Theory of shifts, shocks, and the intimate connections to $L^2$-type a posteriori error analysis of numerical schemes for hyperbolic problems

In this paper, we develop a posteriori error estimates for numerical approximations of scalar hyperbolic conservation laws in one space dimension. We develop novel quantitative partially $L^2$-type estimates by using the theory of shifts, and in particular, the framework for proving stability first developed in [Krupa-Vasseur. On uniqueness of solutions to conservation laws verifying a single entropy condition. J. Hyperbolic Differ. Equ., 2019]. In this paper, we solve two of the major obstacles to using the theory of shifts for quantitative estimates, including the change-of-variables problem and the loss of control on small shocks.

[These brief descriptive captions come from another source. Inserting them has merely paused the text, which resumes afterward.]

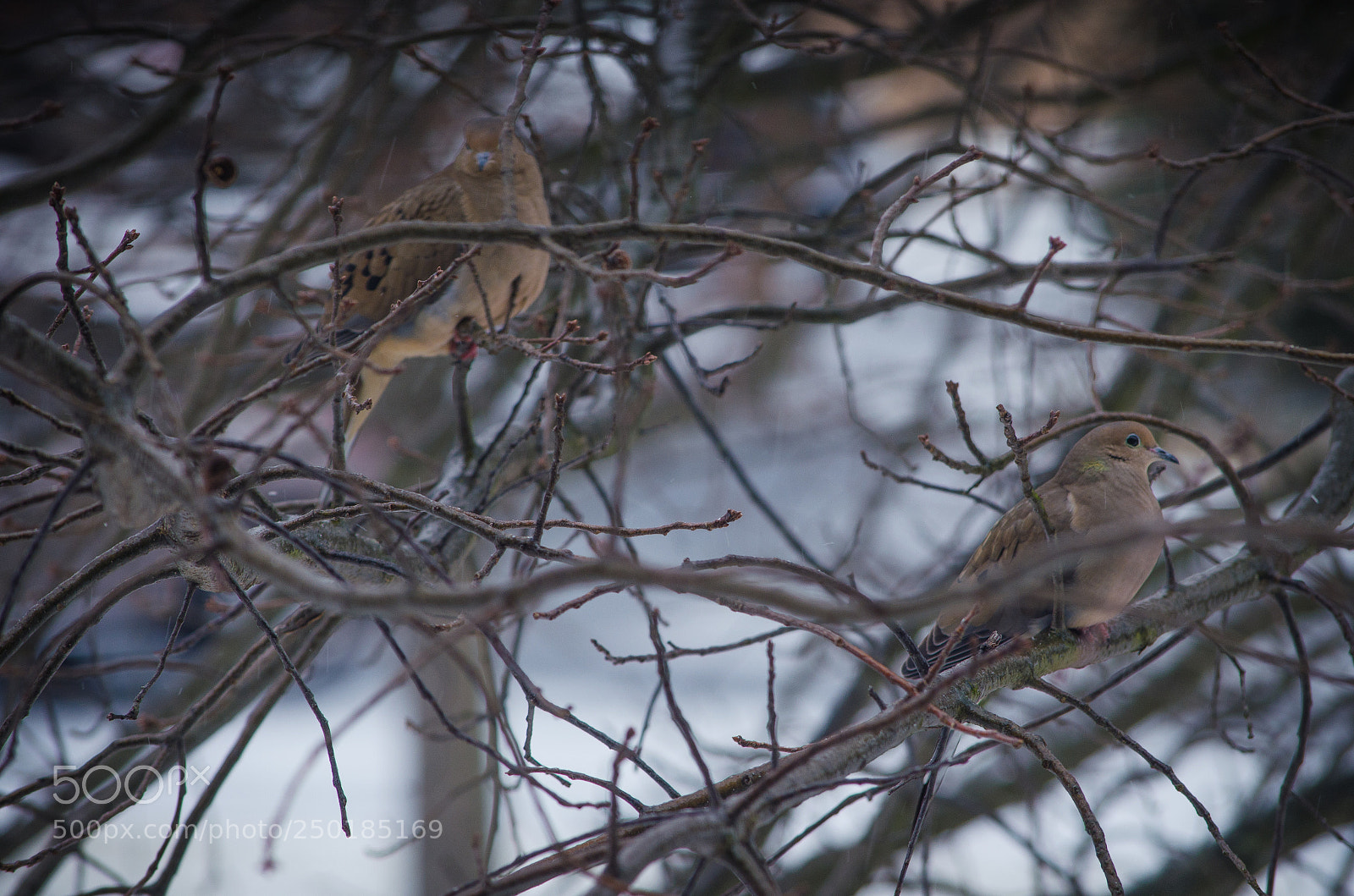Nikon D5100 sample photo. Birdy2 photography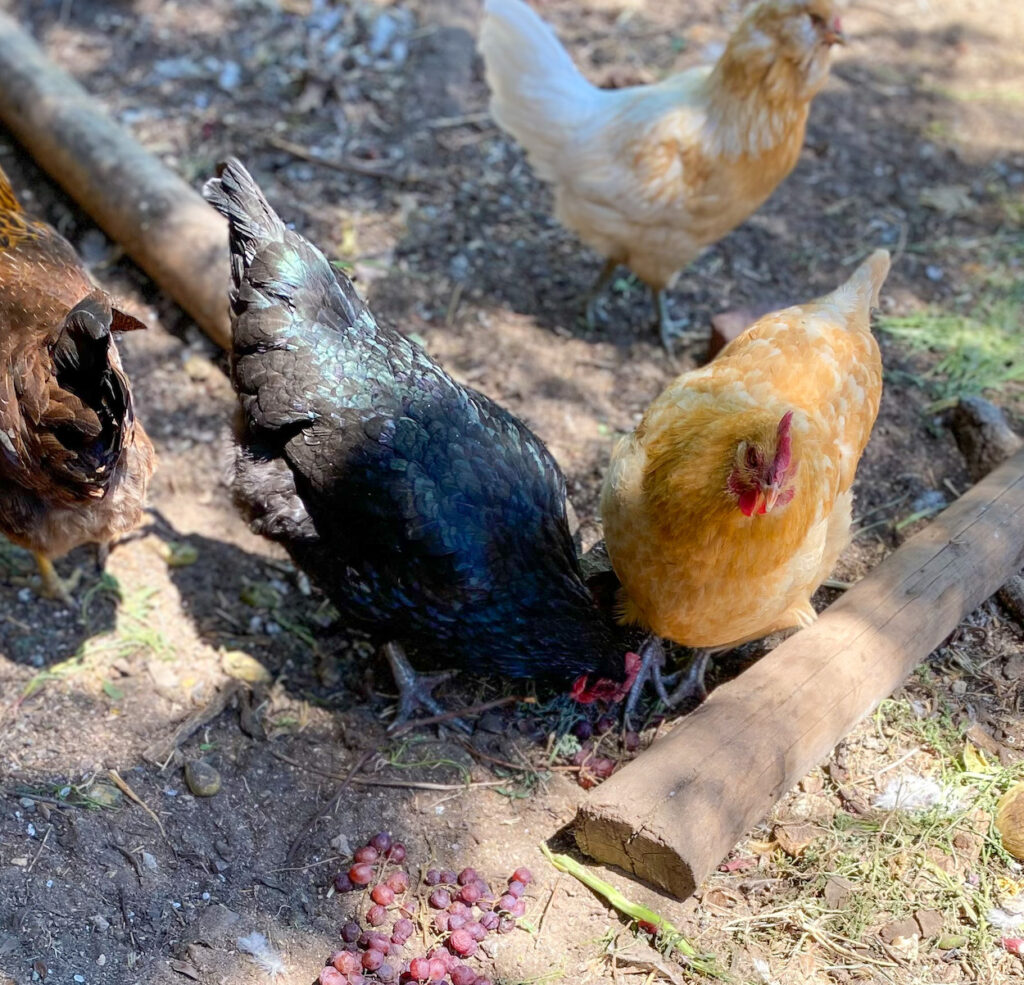 Black chicken eating grapes, buff chicken standing by, two other chickens in the background 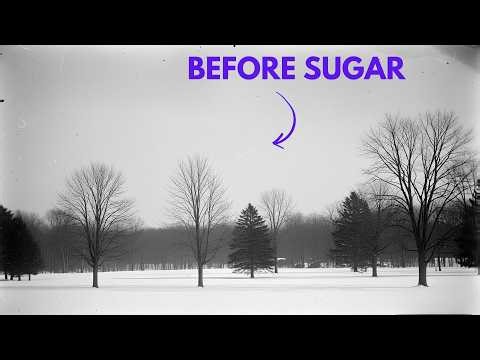 The Maple Sugar Season: A Month of Brutal Work Before Spring Arrived | 1870–1925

Our methods have no inherit small-data limitations. Thus, our hope is to apply our techniques to the systems case to understand the numerical stability of large data. There is hope for our results to generalize to systems: the stability framework [Krupa-Vasseur. On uniqueness of solutions to conservation laws verifying a single entropy condition. J. Hyperbolic Differ. Equ., 2019] itself has been generalized to systems [Chen-Krupa-Vasseur. Uniqueness and weak-BV stability for $2\times 2$ conservation laws. Arch. Ration. Mech. Anal., 246(1):299--332, 2022]. Moreover, we are careful not to appeal to the Kruzhkov theory for scalar conservation laws. Instead, we work entirely within the context of the theory of shifts and $a$-contraction -- and these theories apply equally to systems. We present a MATLAB numerical implementation and numerical experiments. We also provide a brief introduction to the theory of shifts and $a$-contraction.